Cardiff Council is to run the rule over a planned ground-mount solar farm this week which could bolster public coffers to the tune of more than £6 million.
The council is seeking to convert an old landfill site into a 7.5MW solar farm which, if approval is granted at a meeting on 15 June 2018, could be commissioned as early as next September.
And the council has been working alongside a company located nearby which would become a part-offtaker of the solar farm’s generated capacity. That business has agreed in principle to enter into a 20-year power purchase agreement for 4.5MW of the farm’s total capacity, with the remainder exported to the national grid.
Following the conclusion of the agreement, all 7.5MW of the farm’s capacity will be exported for the remaining 15 years of its life expectancy, the council said.
Cardiff Council cabinet member for clean streets and recycling Michael Michael added that power generated from the site could be used to fuel the council’s fleet of electric vehicles when they are brought into service.
“This additional benefit isn’t currently part of the business case but has the potential to make the scheme even more attractive to the council,” he said.
Councillor Michael said that a business case produced for the project placed total costs, including operation and maintenance, stood at around £14.9 million.
However this stood to be dwarfed by the potential benefits of the project.
“Over the same time period, the projected income generated from this green electricity could be in excess of £21 million. In this instance, the business case shows that the council can reduce our carbon emissions and increase the production of renewable energy in Wales in line with Welsh government’s requirements. It could also generate an income for the council from an otherwise difficult site to develop,” he said.
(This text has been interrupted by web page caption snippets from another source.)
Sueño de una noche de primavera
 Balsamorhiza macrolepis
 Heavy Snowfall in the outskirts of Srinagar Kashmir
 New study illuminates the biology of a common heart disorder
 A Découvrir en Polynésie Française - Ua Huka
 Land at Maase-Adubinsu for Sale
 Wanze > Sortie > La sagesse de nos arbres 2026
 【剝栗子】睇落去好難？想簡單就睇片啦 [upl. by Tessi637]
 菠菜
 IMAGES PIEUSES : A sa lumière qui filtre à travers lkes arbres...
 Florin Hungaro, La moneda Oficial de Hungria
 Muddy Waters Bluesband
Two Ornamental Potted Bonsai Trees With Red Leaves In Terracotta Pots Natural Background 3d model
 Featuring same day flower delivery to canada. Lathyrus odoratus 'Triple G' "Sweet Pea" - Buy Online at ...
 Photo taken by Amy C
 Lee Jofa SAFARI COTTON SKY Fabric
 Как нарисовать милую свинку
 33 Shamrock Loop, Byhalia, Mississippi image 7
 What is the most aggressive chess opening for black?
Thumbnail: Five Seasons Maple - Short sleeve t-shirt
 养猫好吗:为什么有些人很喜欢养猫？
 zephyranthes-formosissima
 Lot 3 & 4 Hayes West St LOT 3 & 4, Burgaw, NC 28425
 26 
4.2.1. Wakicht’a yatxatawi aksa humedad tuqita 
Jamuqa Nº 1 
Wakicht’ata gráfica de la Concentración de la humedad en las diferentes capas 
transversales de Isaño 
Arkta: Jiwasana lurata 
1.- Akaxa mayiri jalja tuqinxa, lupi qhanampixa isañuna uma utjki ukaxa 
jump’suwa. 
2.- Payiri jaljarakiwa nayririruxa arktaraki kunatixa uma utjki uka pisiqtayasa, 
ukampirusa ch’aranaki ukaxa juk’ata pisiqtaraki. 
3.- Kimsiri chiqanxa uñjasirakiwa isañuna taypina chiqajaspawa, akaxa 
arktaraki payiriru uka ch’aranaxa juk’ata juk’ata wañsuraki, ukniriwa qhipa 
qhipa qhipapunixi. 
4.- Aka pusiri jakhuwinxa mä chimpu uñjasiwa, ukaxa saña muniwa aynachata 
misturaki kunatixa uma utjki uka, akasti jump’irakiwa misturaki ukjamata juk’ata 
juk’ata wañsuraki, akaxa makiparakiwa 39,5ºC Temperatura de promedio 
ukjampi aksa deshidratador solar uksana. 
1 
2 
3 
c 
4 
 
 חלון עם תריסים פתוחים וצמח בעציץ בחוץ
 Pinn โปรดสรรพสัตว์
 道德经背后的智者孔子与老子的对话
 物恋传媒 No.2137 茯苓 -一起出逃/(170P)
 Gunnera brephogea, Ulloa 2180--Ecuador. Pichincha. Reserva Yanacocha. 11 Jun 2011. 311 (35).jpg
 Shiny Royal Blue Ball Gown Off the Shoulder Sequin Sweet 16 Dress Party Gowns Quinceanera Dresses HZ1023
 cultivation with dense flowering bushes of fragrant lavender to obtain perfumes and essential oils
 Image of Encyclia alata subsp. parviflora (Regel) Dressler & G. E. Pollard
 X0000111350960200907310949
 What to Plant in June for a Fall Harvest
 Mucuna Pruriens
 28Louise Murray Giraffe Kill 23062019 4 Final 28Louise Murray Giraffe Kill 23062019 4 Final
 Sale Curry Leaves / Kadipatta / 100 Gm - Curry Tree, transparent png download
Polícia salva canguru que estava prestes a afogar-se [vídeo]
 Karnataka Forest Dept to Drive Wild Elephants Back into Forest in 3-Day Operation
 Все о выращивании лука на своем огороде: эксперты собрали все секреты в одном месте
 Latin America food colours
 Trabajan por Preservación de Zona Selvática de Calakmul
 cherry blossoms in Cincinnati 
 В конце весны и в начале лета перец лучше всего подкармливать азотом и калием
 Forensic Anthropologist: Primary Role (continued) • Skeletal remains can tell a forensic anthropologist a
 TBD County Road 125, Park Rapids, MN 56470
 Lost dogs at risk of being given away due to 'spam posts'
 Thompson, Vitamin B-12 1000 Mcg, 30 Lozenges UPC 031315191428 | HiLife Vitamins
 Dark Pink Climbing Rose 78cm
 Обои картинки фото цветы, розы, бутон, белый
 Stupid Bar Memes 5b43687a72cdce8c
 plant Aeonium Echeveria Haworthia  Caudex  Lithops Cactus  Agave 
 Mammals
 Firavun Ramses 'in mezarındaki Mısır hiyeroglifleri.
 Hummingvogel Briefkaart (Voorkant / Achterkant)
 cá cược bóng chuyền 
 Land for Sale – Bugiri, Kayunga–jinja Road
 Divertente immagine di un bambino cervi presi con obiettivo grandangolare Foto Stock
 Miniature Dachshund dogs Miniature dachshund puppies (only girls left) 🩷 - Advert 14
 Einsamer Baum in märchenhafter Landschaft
The council had originally intended to lease the site to a third-party developer and negotiated for a grid connection agreement, however the government’s decision to curtail the Renewables Obligation early meant the project fell through.
But since then, the council said, the cost of panels had fallen to such an extent that the newly proposed scheme was viable from a business perspective.
If approved, development of the site is to be contracted via a competitive tender process.
Should the cabinet approve the plans later this week, it has been recommended that the tender process be started and negotiations with the proposed offtaker be finalised.